GIVEN RECORDS>
━━━

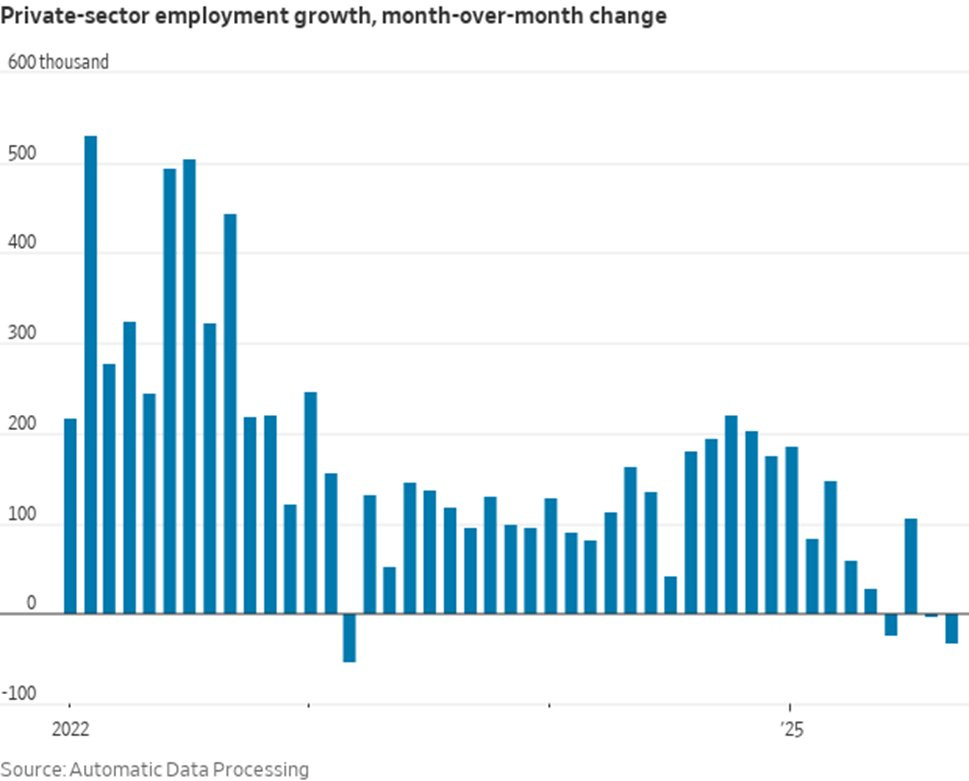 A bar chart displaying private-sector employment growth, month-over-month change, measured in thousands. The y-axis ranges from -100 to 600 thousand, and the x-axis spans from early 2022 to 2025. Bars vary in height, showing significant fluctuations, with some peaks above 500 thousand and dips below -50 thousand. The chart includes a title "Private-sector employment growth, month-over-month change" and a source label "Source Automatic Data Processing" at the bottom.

━━━

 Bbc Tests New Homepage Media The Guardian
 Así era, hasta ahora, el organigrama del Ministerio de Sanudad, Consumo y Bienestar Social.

━━━

TASK PROMPT> Write down, word for word, the lines above from the one containing "Bbc Tests New Homepage Media The Guardian" through the one containing "Así era, hasta", both ends included.

TASK RESULT>
 Bbc Tests New Homepage Media The Guardian
 Así era, hasta ahora, el organigrama del Ministerio de Sanudad, Consumo y Bienestar Social.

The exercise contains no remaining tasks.